◆ **Action item**
Copy verbatim the block of lines in the entries below whose first line contains "Mad Monkey Nusa Lembongan Екстер'єр фото" and whose last line contains "SMKN 1 Sabak". Leave out all other lines.

[Extracted data entries]
- - -

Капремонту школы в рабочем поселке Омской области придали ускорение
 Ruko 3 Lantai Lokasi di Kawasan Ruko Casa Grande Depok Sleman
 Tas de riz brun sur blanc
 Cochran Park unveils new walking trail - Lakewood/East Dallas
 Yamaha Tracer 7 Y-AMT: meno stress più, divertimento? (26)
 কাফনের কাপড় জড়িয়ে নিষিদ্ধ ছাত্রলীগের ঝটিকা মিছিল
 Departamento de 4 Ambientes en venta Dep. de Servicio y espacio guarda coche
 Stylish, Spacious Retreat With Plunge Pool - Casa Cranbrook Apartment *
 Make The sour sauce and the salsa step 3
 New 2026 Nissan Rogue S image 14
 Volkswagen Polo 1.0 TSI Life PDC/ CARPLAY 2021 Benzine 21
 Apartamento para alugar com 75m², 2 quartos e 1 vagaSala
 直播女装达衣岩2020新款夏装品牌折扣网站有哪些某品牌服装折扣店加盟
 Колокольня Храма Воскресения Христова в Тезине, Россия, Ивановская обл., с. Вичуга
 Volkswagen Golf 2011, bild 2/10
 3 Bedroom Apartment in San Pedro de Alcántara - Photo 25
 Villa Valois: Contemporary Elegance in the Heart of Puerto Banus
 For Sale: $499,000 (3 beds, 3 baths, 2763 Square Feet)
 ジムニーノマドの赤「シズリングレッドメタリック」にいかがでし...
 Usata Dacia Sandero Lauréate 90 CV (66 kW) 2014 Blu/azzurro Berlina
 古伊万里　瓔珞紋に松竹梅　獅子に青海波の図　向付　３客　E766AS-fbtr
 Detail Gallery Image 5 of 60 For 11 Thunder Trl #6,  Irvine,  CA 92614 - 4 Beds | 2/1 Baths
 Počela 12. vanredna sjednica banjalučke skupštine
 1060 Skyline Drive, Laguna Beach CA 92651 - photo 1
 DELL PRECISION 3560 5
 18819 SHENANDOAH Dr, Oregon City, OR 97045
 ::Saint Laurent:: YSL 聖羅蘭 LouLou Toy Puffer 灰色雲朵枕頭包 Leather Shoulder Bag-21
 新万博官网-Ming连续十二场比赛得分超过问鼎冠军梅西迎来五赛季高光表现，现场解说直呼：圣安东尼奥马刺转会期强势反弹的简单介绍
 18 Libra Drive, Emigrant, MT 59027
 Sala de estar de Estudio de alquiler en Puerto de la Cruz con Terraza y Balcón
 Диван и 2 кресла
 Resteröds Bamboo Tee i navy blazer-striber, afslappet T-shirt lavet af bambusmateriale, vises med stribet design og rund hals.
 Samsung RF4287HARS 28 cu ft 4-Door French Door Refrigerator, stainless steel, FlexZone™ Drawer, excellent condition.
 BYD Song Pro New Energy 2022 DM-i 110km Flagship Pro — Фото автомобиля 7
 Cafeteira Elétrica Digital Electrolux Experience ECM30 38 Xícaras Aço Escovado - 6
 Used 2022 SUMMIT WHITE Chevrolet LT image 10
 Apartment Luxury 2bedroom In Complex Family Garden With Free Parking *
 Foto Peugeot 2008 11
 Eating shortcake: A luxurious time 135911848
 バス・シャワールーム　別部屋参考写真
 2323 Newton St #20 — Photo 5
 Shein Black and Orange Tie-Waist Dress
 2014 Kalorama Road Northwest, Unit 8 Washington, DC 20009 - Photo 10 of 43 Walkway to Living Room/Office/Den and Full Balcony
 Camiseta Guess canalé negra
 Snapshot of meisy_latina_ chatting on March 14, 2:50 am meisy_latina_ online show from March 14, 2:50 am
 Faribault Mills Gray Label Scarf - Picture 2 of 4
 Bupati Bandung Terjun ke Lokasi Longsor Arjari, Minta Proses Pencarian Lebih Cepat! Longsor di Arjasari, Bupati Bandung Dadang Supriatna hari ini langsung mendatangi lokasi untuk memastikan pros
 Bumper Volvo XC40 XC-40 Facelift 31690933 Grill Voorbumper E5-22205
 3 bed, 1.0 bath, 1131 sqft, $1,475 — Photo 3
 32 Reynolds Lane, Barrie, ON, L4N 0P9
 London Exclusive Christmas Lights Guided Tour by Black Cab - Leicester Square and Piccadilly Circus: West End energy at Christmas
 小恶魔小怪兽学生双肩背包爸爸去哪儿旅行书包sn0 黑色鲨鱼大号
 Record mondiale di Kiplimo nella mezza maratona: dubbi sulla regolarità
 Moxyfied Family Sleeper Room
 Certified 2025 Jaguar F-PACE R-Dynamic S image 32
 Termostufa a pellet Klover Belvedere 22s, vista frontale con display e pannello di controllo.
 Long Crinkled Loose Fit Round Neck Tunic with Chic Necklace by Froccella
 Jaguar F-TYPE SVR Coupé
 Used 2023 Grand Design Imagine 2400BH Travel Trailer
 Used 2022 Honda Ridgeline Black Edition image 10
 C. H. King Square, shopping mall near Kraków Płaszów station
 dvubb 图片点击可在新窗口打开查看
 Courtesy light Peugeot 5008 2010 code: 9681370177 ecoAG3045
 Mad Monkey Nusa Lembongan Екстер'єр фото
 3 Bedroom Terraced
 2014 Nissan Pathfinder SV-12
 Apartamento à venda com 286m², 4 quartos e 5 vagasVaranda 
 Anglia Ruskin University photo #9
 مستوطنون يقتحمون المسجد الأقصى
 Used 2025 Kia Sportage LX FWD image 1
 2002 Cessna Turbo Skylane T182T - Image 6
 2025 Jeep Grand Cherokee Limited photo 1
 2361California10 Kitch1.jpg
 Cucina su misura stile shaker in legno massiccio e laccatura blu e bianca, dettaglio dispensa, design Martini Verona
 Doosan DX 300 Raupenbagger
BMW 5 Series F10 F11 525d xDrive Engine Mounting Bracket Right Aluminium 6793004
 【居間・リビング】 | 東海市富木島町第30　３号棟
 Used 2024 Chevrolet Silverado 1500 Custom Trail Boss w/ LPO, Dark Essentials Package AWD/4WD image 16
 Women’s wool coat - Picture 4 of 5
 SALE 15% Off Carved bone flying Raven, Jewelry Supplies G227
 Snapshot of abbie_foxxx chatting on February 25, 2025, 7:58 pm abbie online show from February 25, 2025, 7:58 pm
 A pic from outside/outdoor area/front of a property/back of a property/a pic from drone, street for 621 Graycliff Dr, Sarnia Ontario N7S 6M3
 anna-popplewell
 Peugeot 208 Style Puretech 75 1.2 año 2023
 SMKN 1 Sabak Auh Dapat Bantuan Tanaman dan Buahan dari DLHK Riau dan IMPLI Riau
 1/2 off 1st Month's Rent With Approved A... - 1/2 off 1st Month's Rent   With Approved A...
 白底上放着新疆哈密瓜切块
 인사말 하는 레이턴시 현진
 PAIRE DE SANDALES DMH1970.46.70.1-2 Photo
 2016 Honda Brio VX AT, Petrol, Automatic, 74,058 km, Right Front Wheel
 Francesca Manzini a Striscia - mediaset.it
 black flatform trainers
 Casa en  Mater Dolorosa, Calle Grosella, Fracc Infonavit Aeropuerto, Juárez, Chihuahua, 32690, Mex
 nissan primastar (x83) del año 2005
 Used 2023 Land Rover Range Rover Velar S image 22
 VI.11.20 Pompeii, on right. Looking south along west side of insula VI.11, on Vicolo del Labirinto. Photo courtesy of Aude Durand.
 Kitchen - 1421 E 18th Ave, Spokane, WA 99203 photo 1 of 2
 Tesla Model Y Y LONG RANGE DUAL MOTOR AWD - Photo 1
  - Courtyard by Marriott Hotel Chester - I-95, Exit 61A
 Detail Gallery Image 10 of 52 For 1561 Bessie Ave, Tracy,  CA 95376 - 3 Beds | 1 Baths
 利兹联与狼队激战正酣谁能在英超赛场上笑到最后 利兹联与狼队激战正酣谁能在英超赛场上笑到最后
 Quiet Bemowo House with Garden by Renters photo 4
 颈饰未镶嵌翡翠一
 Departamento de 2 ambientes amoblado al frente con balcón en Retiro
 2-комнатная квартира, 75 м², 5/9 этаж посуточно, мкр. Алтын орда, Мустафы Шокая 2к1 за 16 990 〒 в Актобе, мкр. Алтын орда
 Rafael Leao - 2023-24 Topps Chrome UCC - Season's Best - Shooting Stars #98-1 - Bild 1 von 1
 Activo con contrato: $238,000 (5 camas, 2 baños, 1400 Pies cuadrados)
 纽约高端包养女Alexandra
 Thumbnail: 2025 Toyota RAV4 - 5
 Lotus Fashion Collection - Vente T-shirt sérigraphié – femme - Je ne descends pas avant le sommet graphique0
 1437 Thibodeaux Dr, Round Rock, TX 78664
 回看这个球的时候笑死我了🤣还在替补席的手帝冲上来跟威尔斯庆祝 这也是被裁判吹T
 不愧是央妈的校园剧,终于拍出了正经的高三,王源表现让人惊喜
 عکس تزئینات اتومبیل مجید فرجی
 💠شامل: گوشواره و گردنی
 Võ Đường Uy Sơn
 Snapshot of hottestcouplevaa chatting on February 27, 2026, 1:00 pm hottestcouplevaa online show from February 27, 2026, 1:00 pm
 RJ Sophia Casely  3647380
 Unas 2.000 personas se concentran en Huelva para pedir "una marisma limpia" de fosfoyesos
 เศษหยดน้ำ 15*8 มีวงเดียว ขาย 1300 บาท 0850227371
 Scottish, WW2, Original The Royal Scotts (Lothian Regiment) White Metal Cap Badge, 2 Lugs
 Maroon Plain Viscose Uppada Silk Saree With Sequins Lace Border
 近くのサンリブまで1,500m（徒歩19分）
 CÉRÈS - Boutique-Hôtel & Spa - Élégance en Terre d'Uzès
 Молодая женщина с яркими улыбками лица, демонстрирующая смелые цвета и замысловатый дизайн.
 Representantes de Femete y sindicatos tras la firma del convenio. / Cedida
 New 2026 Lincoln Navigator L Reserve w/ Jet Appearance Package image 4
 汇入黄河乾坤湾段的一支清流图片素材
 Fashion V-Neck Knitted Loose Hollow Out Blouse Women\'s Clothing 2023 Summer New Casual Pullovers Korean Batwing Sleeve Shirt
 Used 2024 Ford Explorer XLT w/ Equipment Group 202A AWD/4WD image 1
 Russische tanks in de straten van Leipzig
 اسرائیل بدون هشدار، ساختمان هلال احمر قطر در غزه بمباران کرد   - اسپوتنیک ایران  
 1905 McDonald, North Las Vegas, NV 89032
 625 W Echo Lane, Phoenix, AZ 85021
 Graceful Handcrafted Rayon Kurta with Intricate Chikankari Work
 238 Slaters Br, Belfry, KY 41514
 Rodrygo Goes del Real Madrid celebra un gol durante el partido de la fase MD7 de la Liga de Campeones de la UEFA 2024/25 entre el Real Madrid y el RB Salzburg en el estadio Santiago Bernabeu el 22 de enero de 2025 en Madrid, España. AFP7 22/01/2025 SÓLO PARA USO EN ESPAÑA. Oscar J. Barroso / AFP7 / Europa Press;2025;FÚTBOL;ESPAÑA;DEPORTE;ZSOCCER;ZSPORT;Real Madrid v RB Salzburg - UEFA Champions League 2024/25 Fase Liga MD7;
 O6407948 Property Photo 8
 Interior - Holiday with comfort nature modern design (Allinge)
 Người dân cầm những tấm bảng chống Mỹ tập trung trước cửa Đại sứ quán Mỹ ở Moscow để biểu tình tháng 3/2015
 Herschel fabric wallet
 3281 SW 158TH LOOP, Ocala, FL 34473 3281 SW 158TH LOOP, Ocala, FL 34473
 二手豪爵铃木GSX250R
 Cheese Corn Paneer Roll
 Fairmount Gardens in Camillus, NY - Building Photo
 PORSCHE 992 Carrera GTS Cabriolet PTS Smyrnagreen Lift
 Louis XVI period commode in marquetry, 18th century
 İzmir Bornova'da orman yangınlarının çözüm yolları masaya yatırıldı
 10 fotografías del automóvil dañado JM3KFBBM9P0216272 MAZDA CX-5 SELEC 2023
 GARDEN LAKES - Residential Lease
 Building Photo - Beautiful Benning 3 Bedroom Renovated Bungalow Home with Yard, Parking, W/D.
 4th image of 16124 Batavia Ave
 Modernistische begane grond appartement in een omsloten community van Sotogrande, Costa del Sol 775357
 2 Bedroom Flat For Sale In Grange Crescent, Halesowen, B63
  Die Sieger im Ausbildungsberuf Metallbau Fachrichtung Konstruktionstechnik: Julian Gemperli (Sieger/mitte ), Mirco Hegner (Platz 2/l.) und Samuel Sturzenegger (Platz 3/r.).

- - -

◆ **Response to the task**
 Mad Monkey Nusa Lembongan Екстер'єр фото
 3 Bedroom Terraced
 2014 Nissan Pathfinder SV-12
 Apartamento à venda com 286m², 4 quartos e 5 vagasVaranda 
 Anglia Ruskin University photo #9
 مستوطنون يقتحمون المسجد الأقصى
 Used 2025 Kia Sportage LX FWD image 1
 2002 Cessna Turbo Skylane T182T - Image 6
 2025 Jeep Grand Cherokee Limited photo 1
 2361California10 Kitch1.jpg
 Cucina su misura stile shaker in legno massiccio e laccatura blu e bianca, dettaglio dispensa, design Martini Verona
 Doosan DX 300 Raupenbagger
BMW 5 Series F10 F11 525d xDrive Engine Mounting Bracket Right Aluminium 6793004
 【居間・リビング】 | 東海市富木島町第30　３号棟
 Used 2024 Chevrolet Silverado 1500 Custom Trail Boss w/ LPO, Dark Essentials Package AWD/4WD image 16
 Women’s wool coat - Picture 4 of 5
 SALE 15% Off Carved bone flying Raven, Jewelry Supplies G227
 Snapshot of abbie_foxxx chatting on February 25, 2025, 7:58 pm abbie online show from February 25, 2025, 7:58 pm
 A pic from outside/outdoor area/front of a property/back of a property/a pic from drone, street for 621 Graycliff Dr, Sarnia Ontario N7S 6M3
 anna-popplewell
 Peugeot 208 Style Puretech 75 1.2 año 2023
 SMKN 1 Sabak Auh Dapat Bantuan Tanaman dan Buahan dari DLHK Riau dan IMPLI Riau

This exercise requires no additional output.